** SUPPLIED INFORMATION follows **
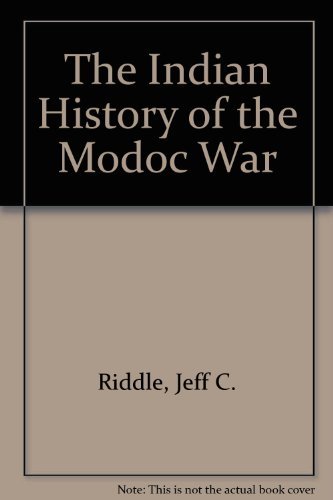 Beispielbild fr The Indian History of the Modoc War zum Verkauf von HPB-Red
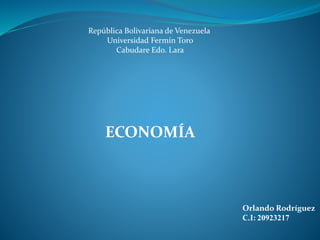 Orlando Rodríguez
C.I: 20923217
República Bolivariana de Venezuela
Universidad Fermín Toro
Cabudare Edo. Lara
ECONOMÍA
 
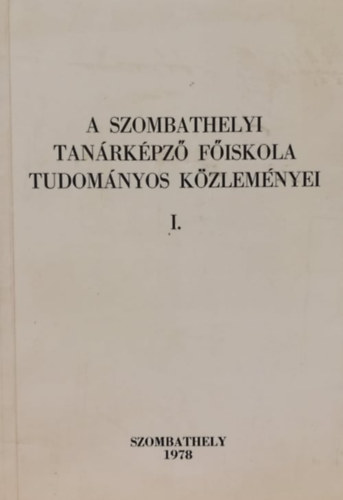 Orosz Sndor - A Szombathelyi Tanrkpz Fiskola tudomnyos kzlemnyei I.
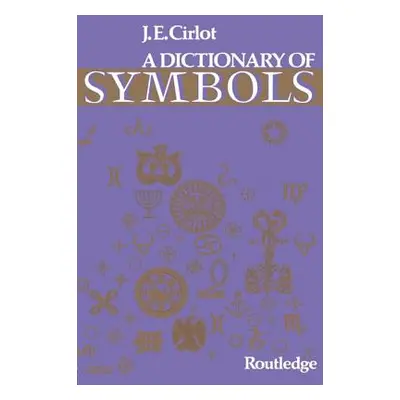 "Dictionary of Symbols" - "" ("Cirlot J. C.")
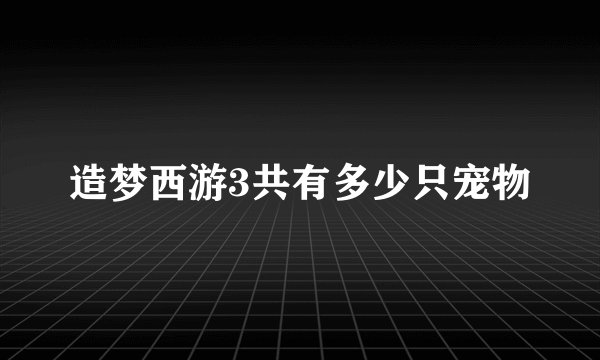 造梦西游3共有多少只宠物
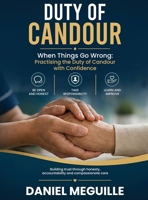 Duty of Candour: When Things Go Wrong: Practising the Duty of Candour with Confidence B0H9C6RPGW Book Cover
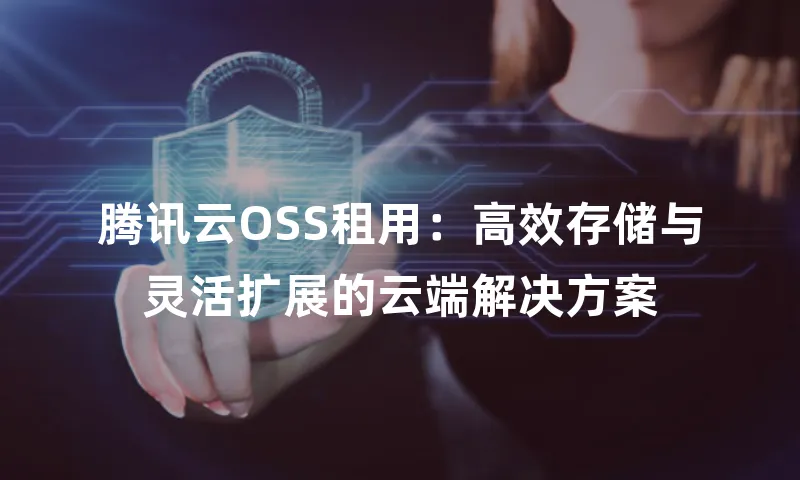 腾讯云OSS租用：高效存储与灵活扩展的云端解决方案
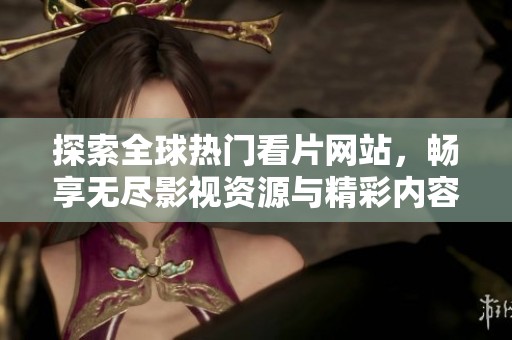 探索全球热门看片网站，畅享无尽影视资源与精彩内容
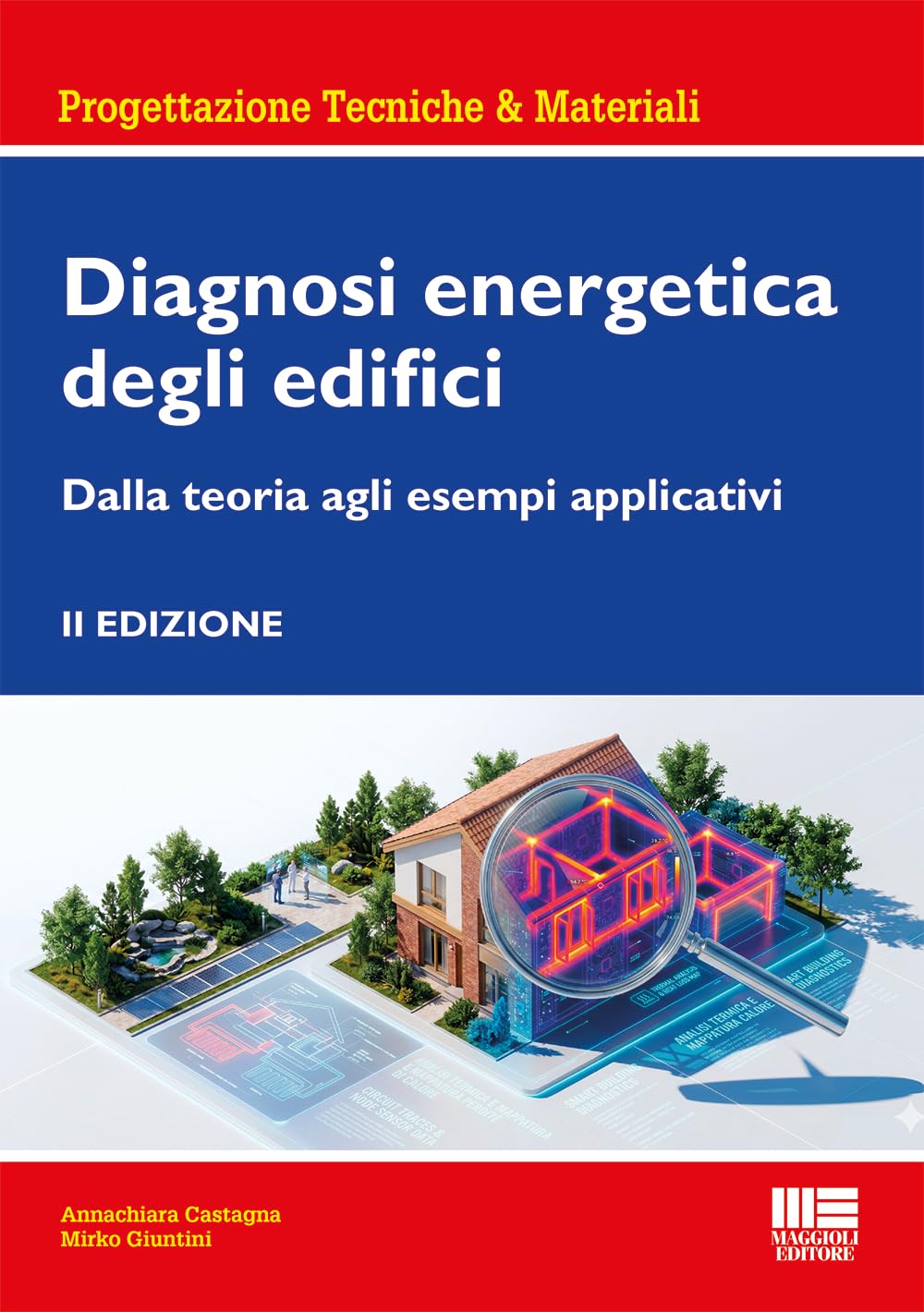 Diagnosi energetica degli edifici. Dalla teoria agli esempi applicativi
** End of SUPPLIED INFORMATION **
** SUPPLIED INFORMATION follows **
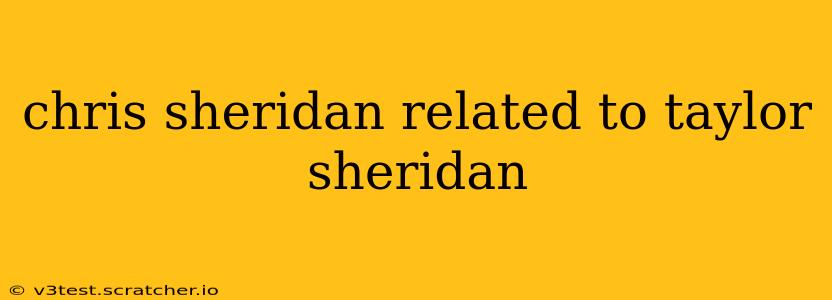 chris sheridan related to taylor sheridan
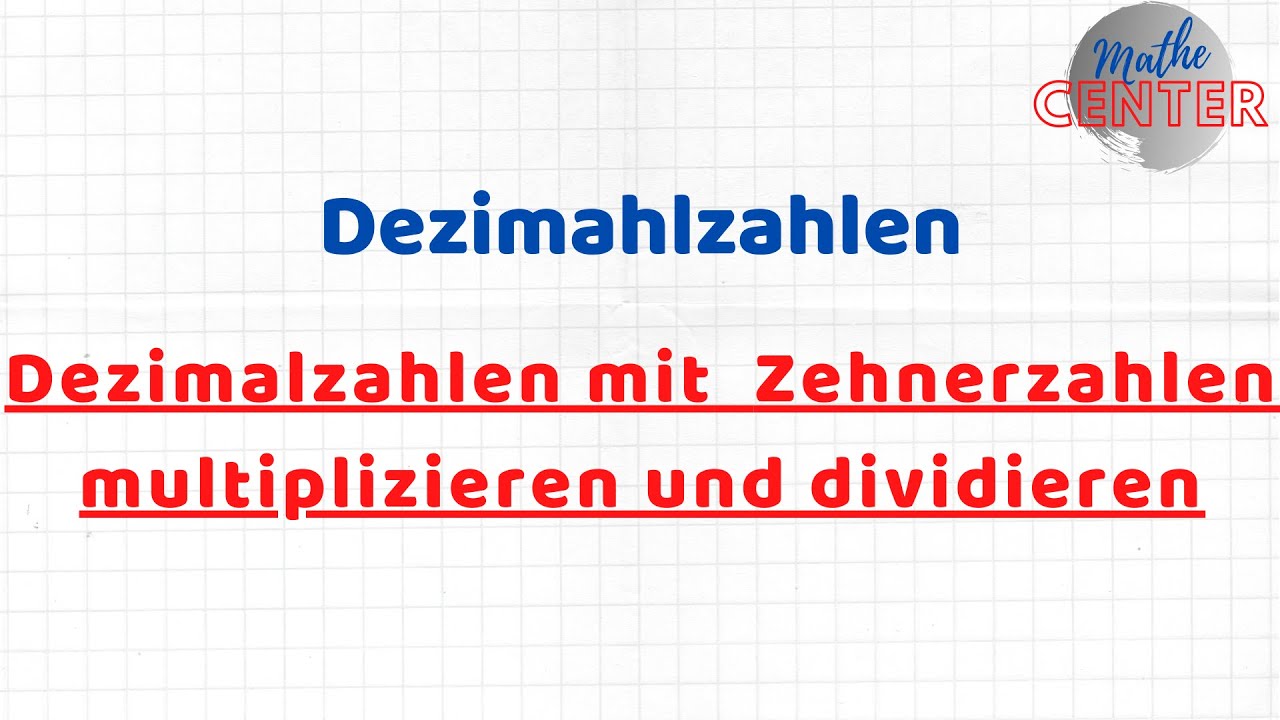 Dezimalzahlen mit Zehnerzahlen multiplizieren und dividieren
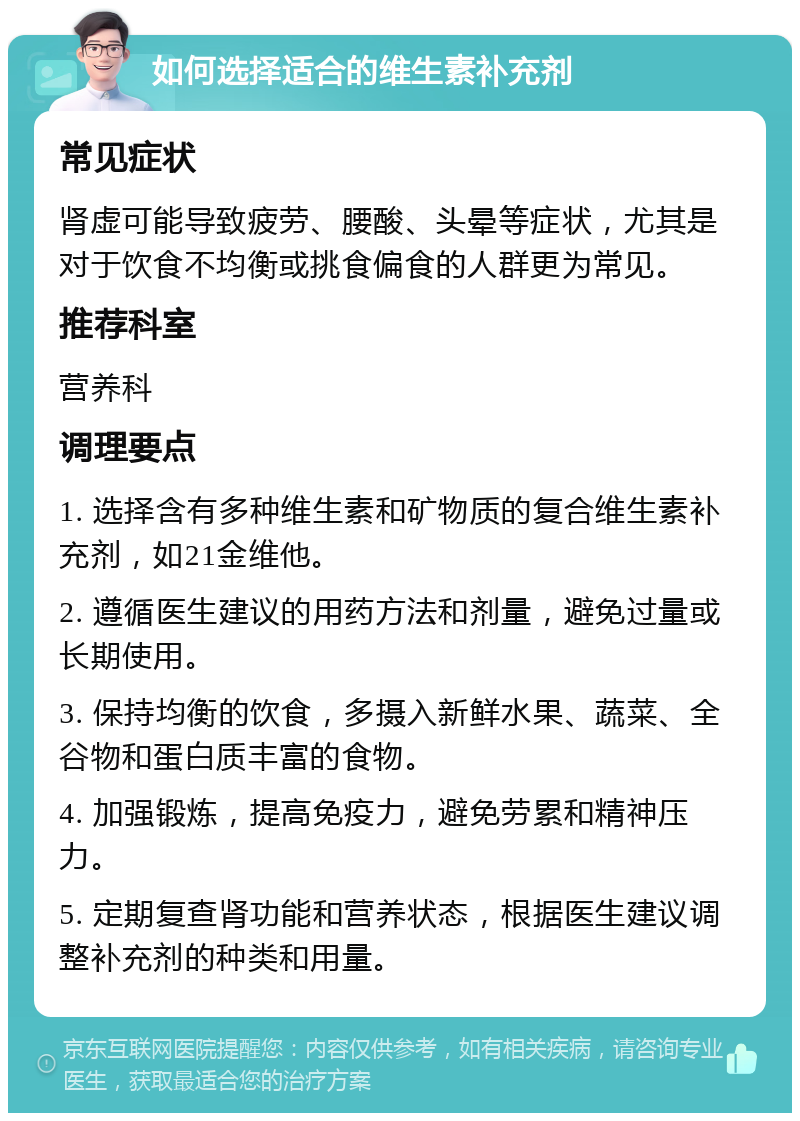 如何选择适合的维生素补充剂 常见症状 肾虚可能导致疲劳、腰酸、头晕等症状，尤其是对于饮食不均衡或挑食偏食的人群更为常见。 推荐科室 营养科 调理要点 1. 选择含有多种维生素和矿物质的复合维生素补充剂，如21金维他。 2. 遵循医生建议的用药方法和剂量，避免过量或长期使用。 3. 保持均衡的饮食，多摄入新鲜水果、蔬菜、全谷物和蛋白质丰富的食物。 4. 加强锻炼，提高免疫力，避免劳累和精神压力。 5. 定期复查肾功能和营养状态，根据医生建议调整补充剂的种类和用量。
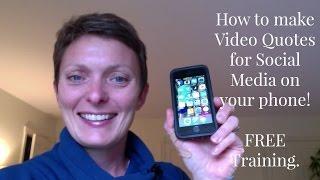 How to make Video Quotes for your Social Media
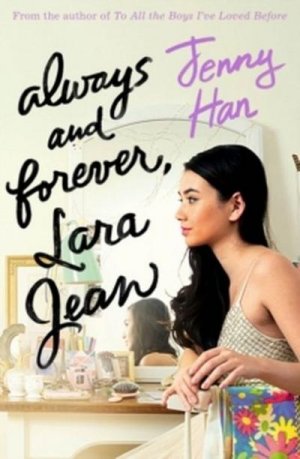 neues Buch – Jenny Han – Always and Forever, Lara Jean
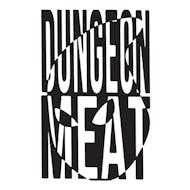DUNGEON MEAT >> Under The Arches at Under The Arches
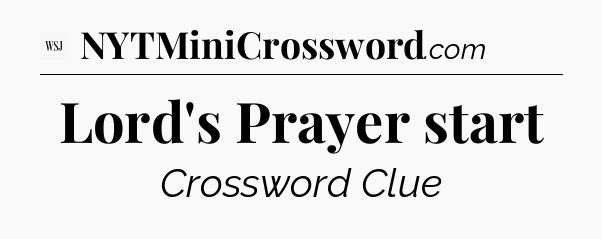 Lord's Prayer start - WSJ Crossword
** End of SUPPLIED INFORMATION **
** SUPPLIED INFORMATION follows **
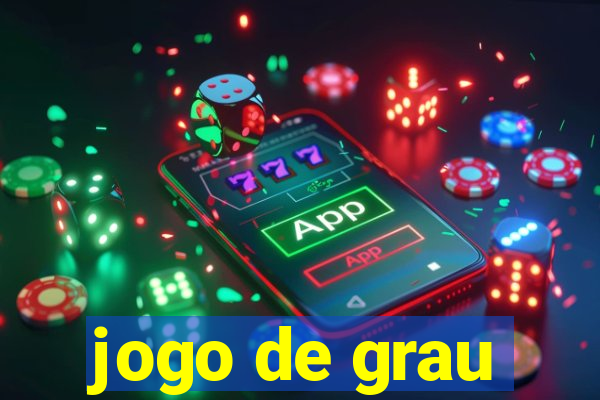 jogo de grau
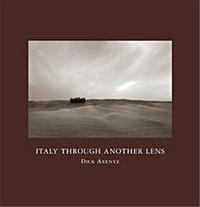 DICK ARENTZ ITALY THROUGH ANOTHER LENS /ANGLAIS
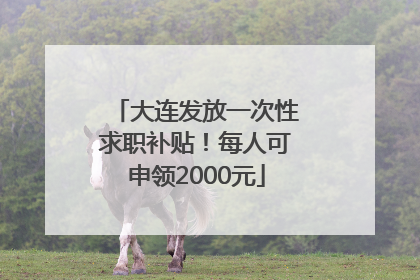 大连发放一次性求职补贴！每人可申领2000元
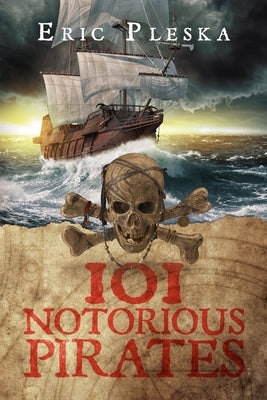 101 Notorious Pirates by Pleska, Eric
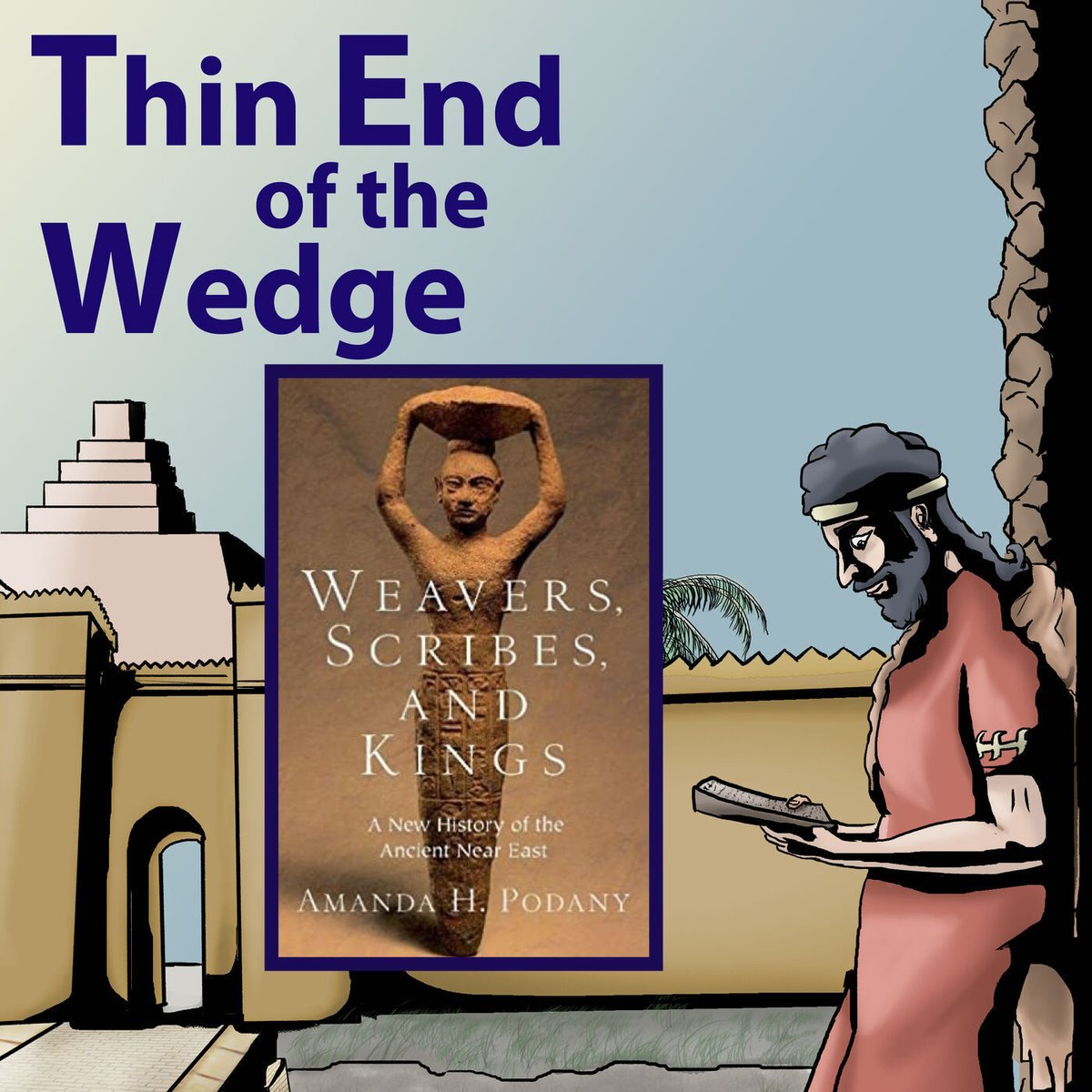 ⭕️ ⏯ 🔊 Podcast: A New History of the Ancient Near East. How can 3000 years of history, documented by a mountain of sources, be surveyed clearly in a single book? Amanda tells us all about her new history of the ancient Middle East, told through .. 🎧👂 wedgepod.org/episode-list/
** End of SUPPLIED INFORMATION **
### WHAT YOU NEED TO DO
Your answer must be everything above from the line with "Universidad Fermín Toro" down to the line with "Diagnosi energetica degli", word for word, and no pictures.

### REPLY
Universidad Fermín Toro
Cabudare Edo. Lara
ECONOMÍA
 
 Orosz Sndor - A Szombathelyi Tanrkpz Fiskola tudomnyos kzlemnyei I.
 "Dictionary of Symbols" - "" ("Cirlot J. C.")
 造梦西游3共有多少只宠物
 Duty of Candour: When Things Go Wrong: Practising the Duty of Candour with Confidence B0H9C6RPGW Book Cover
 腾讯云OSS租用：高效存储与灵活扩展的云端解决方案
 探索全球热门看片网站，畅享无尽影视资源与精彩内容
 Diagnosi energetica degli edifici. Dalla teoria agli esempi applicativi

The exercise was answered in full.